[Data under study]
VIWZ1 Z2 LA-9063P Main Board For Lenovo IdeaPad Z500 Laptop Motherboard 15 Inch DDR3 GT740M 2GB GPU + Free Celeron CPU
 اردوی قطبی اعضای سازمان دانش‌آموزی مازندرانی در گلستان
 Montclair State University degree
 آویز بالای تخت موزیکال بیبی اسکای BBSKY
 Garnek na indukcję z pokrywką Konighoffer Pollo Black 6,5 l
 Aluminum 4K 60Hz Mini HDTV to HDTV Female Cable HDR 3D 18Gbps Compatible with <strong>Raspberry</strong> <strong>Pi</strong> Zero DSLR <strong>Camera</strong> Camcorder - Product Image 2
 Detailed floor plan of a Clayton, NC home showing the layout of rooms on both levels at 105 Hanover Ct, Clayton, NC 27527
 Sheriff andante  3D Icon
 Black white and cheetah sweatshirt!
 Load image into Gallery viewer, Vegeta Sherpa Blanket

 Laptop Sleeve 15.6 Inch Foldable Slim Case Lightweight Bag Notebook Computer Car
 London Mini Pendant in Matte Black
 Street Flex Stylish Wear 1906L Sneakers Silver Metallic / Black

[What is required]
What you write must match the material above exactly and in full.

[Answer space]
VIWZ1 Z2 LA-9063P Main Board For Lenovo IdeaPad Z500 Laptop Motherboard 15 Inch DDR3 GT740M 2GB GPU + Free Celeron CPU
 اردوی قطبی اعضای سازمان دانش‌آموزی مازندرانی در گلستان
 Montclair State University degree
 آویز بالای تخت موزیکال بیبی اسکای BBSKY
 Garnek na indukcję z pokrywką Konighoffer Pollo Black 6,5 l
 Aluminum 4K 60Hz Mini HDTV to HDTV Female Cable HDR 3D 18Gbps Compatible with <strong>Raspberry</strong> <strong>Pi</strong> Zero DSLR <strong>Camera</strong> Camcorder - Product Image 2
 Detailed floor plan of a Clayton, NC home showing the layout of rooms on both levels at 105 Hanover Ct, Clayton, NC 27527
 Sheriff andante  3D Icon
 Black white and cheetah sweatshirt!
 Load image into Gallery viewer, Vegeta Sherpa Blanket

 Laptop Sleeve 15.6 Inch Foldable Slim Case Lightweight Bag Notebook Computer Car
 London Mini Pendant in Matte Black
 Street Flex Stylish Wear 1906L Sneakers Silver Metallic / Black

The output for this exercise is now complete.